*EXERCISE REQUIREMENTS*
When you reach the line containing "2025 GMC Savana Cutaway 3500 1WT", start transcribing exactly and continue through the last line of the data, skipping every picture.

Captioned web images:
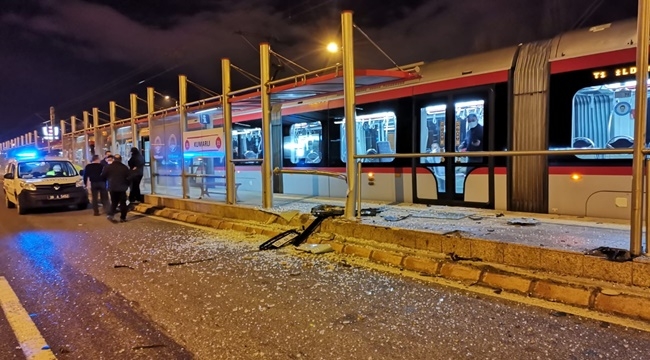 TRAFİK KAZASINDA TRAMVAY ZARAR GÖRDÜ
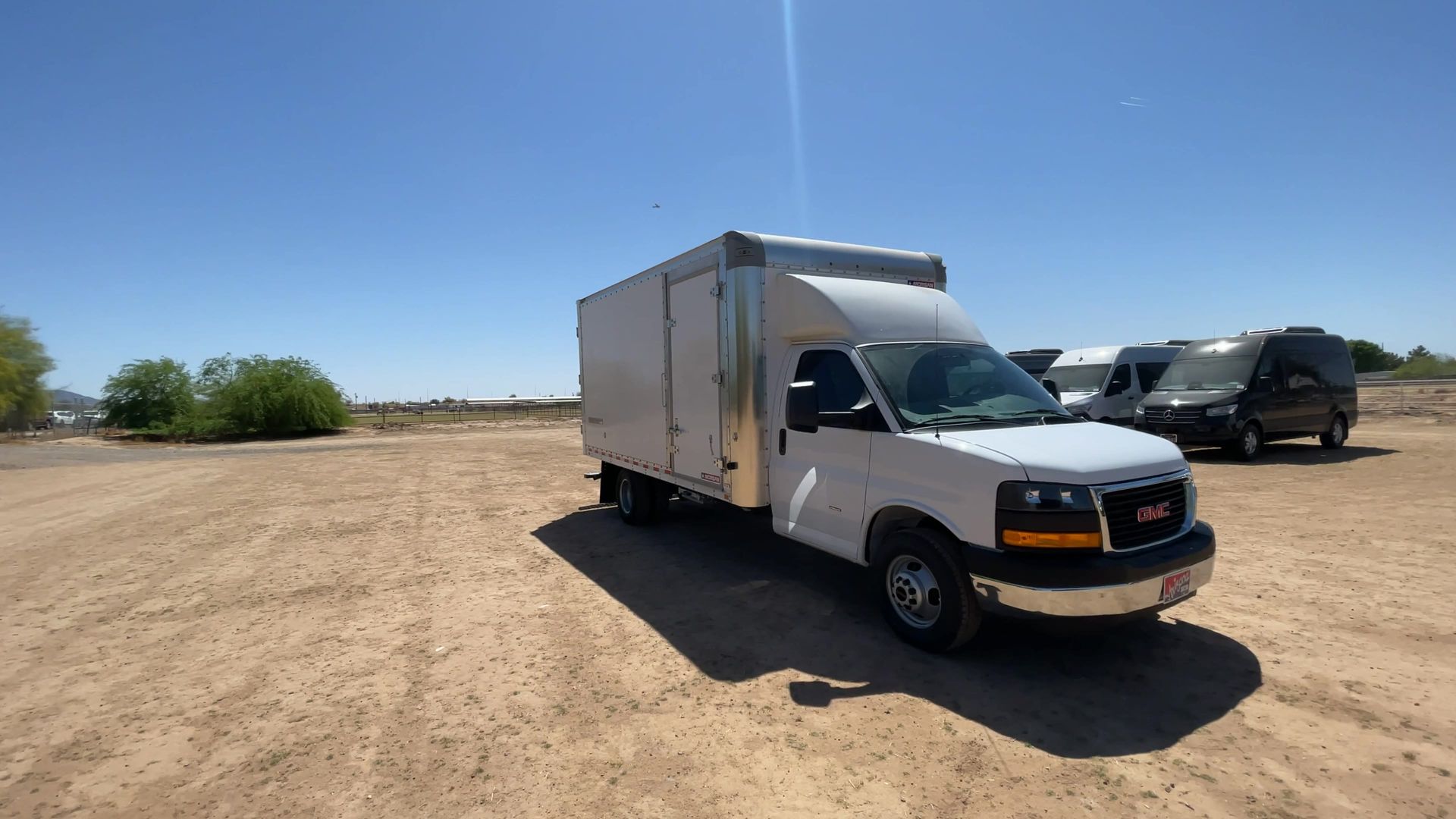 2025 GMC Savana Cutaway 3500 1WT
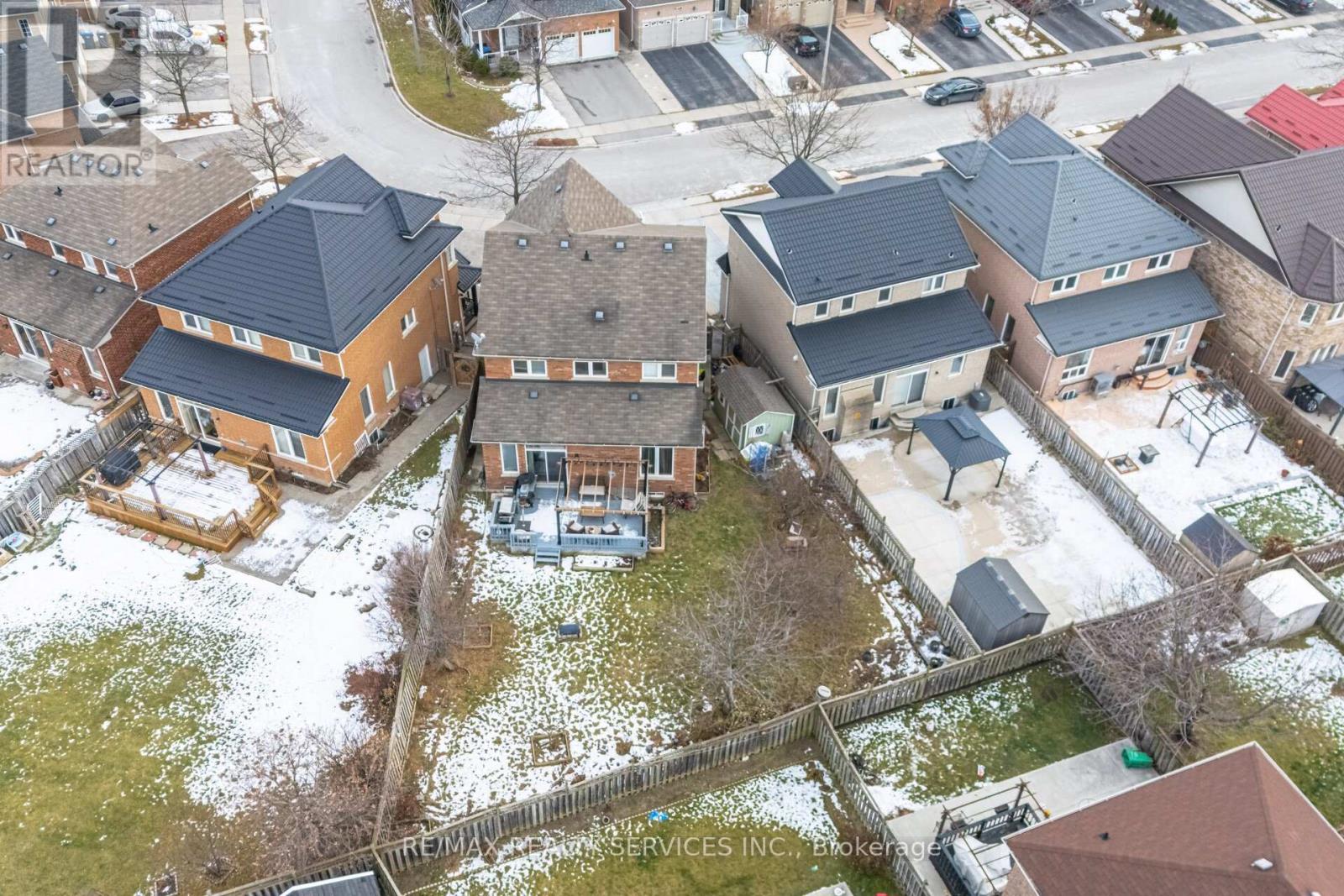 31 Seahorse Avenue, Brampton, Ontario  L6V 4N7 - Photo 40 - W12927782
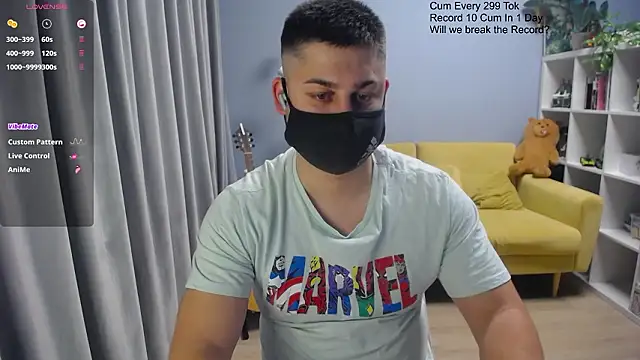 Snapshot of Tomguys chatting on March 24, 8:14 pm Tomguys online show from March 24, 8:14 pm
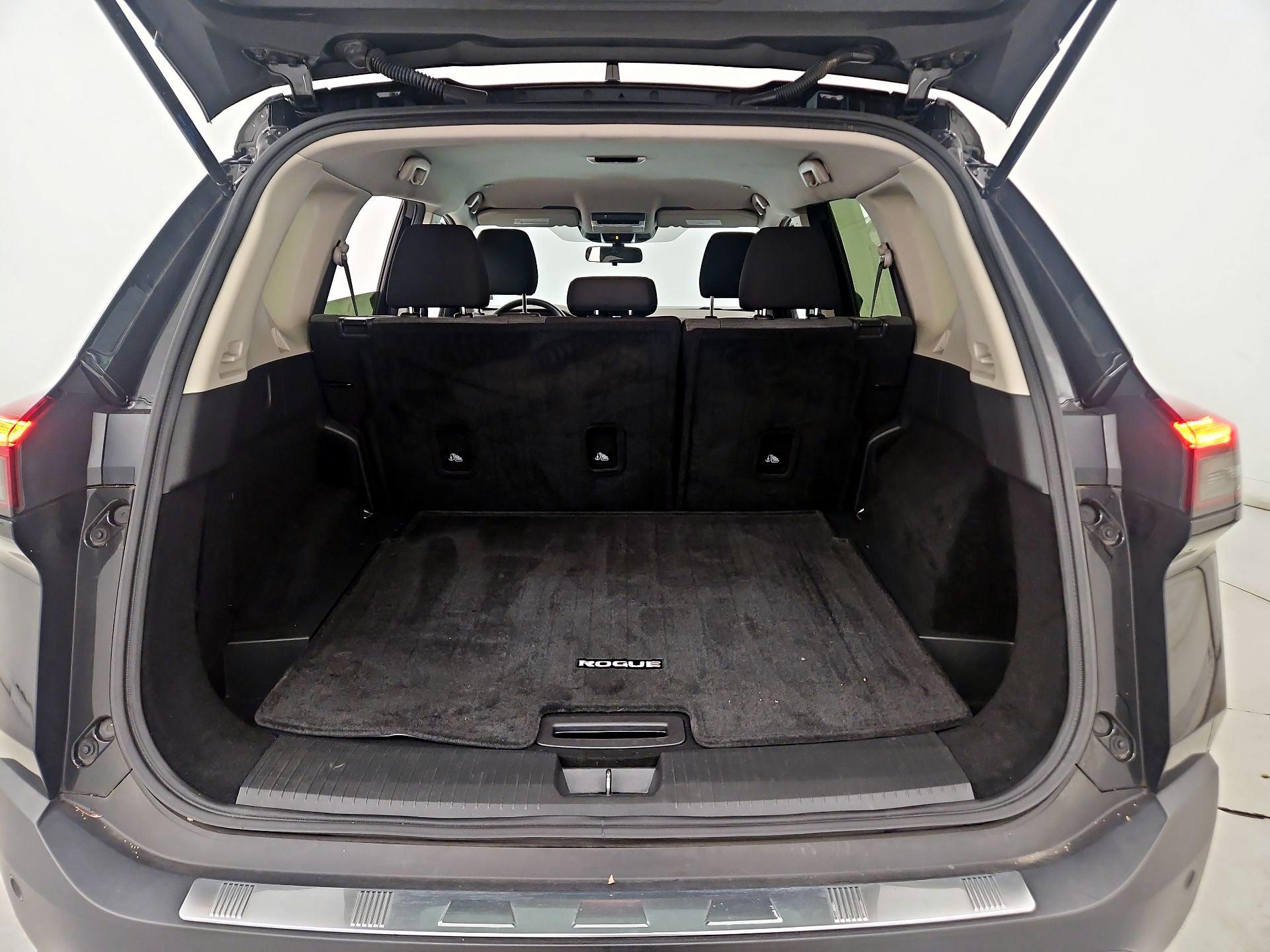 Thumbnail: 2023 Nissan Rogue - 20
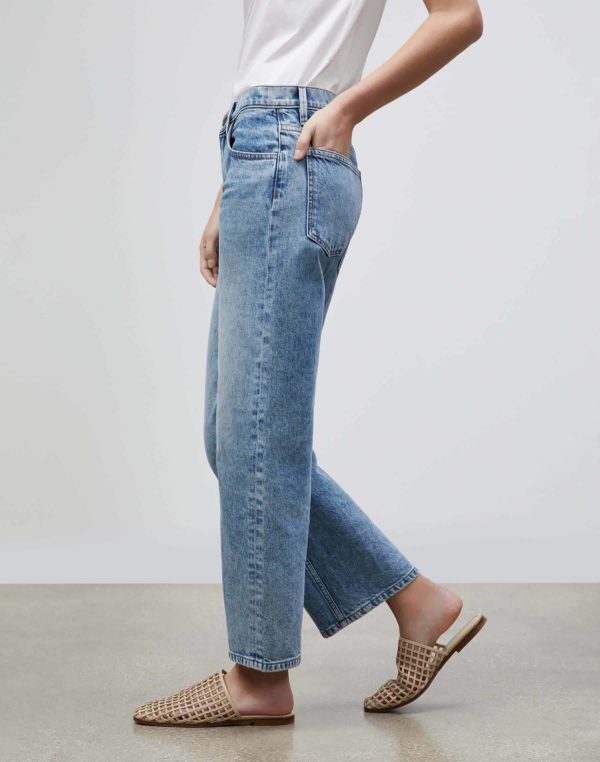 Mid-Rise Bedford Jean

*COMPLETED EXERCISE*
 2025 GMC Savana Cutaway 3500 1WT
 31 Seahorse Avenue, Brampton, Ontario  L6V 4N7 - Photo 40 - W12927782
 Snapshot of Tomguys chatting on March 24, 8:14 pm Tomguys online show from March 24, 8:14 pm
 Thumbnail: 2023 Nissan Rogue - 20
 Mid-Rise Bedford Jean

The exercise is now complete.